Between Lake Simcoe and the northern border of Toronto lies York Region.  It has just a shade over one million people and has been the venue of some very high intensity real estate development since the 1980s.  It would appear to represent the pinnacle of fast growth and high-profit, up-to-the-minute suburban mega-success.  Guess what?  They have poverty and homeless people.  The proof is available from the York Region Alliance to End Homelessness.  Still photos and voiceovers tell the story overlooked amidst all the commercial activity, monster homes, and cars, cars, cars.  You know, they probably should have just kept growing corn up there…
Hidden In Plain Site

(97) Chicago

A report from public station WTTW profiles tough times in DuPage County, Illinois.  An official describes poverty there as having “exploded.”  Some 60,000 people in DuPage County meet US federal government criteria for being poor, an increase of some 185%.  Those profiled in this piece represent the so-called “newly” poor.  A teacher and a nurse, slipped from situations of relative privilege sadly demonstrate the findings of the 2010 US census.  Mentioned here a number of times already the 2010 census will enter the American historical record as a profound document of social change and social difficulty.  Will the suburbs ever bounce back?  Or will they just turn into something else completely?
Chicago Tonight: Suburban Poverty 9:00

Photo credit: barmik via Wikimedia Commons

(96) Germany

European academic journal Articulo published a piece in 2010 analysing the general discourse around suburbia in Germany and the US.  The objectivity of the piece may annoy readers with strong feelings about the suburbs, good or bad.  The author finds suburbia neither heaven-on-Earth nor hell manifest.  He calls for, and provides, more detailed understanding of life beyond the urban centres.  Looking at American experience and the sheer scale of suburbia there the comparison to Germany may seem less than useful but we found the piece brainy and articulate.  Going forward, it is hard to imagine that suburban outbuilding will continue in Europe even if it makes use of public transit and sustainable sources of energy.  In North America the suburban project seems to be over, to be contracting if anything.  To have modelled any part of their built environment on North America is probably a worrisome thing to Europeans, doubly so now that the Euro crisis is fully arrived.

Suburbs: the next slum? Explorations into the contested terrain of social construction and political discourse

(95) It isn’t a secret…

Whoever wrote the headline for the item linked below maybe needs to pay more attention to the world.  Suburban poverty is not a secret.  Still, this is a good piece.  The item mentions 2010 US Census data which strongly underlined the shift in the fortunes of the suburbs, underway since well before the crash of 2008.  The author also visits a food bank in Illinois.  Food banks and food pantries are among the places where the rubber really hits the road as far as ascertaining the true state of a community.
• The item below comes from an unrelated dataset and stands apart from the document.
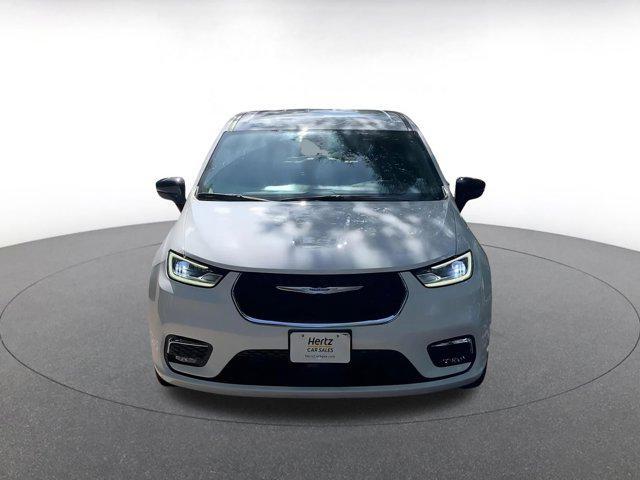 used 2024 Chrysler Pacifica car, priced at $31,966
“Last year, there were 2.7 million more suburban households below the federal poverty level than urban households, according to the Bureau of Labor Statistics. That was the first time on record that America’s cities didn’t contain the highest absolute number of households living in poverty. There are many reasons for the dramatic turnabout in the geographic profile of poverty.”
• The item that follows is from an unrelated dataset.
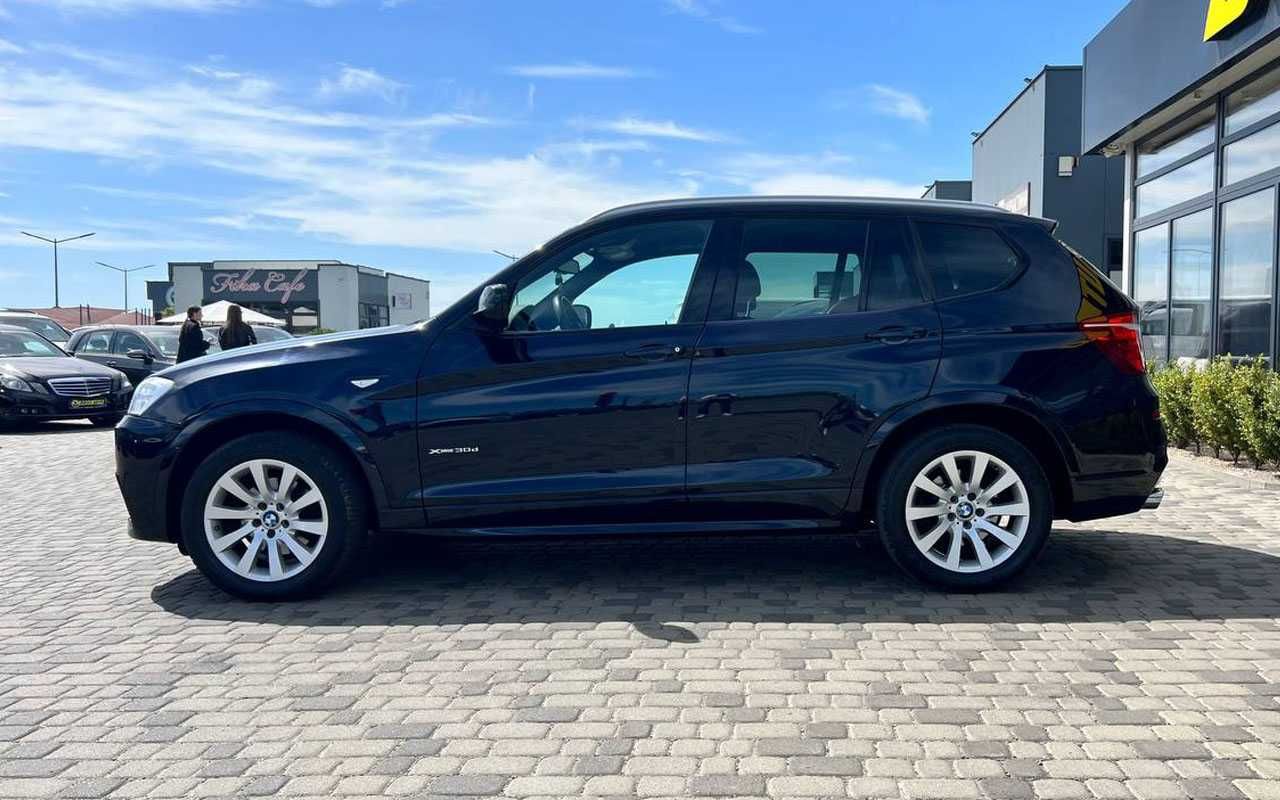 BMW X3 2011 року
America’s Best Kept Secret: Rising Suburban Poverty
Fiscal Times

(94) Demolition Man: UBC’s Bill Rees on sustainability

Bill Rees is a Canadian academic from the University of British Columbia’s School of Community and Regional Planning.  Here he gives a deft and noteless lecture weighted with facts on the ground.  Rees is all over the changing context of urbanization, technology, consumption, sustainability, and energy.  Apparently what North Americans have come to think of as normal is really the single most anomalous moment in all of human history.  Cutesy ideas like green consumerism, hybrid SUVs, green architecture and biofuels don’t last long in front of scientist Rees.  Short term profit in the run-up to complete catastrophe have distorted our reality so much it looks like we can’t change in time.  None of this means wealth and happiness for humans, suburban or otherwise.  Boy, it gets depressing maintaining your own meta-blog some times.  No wonder people drink.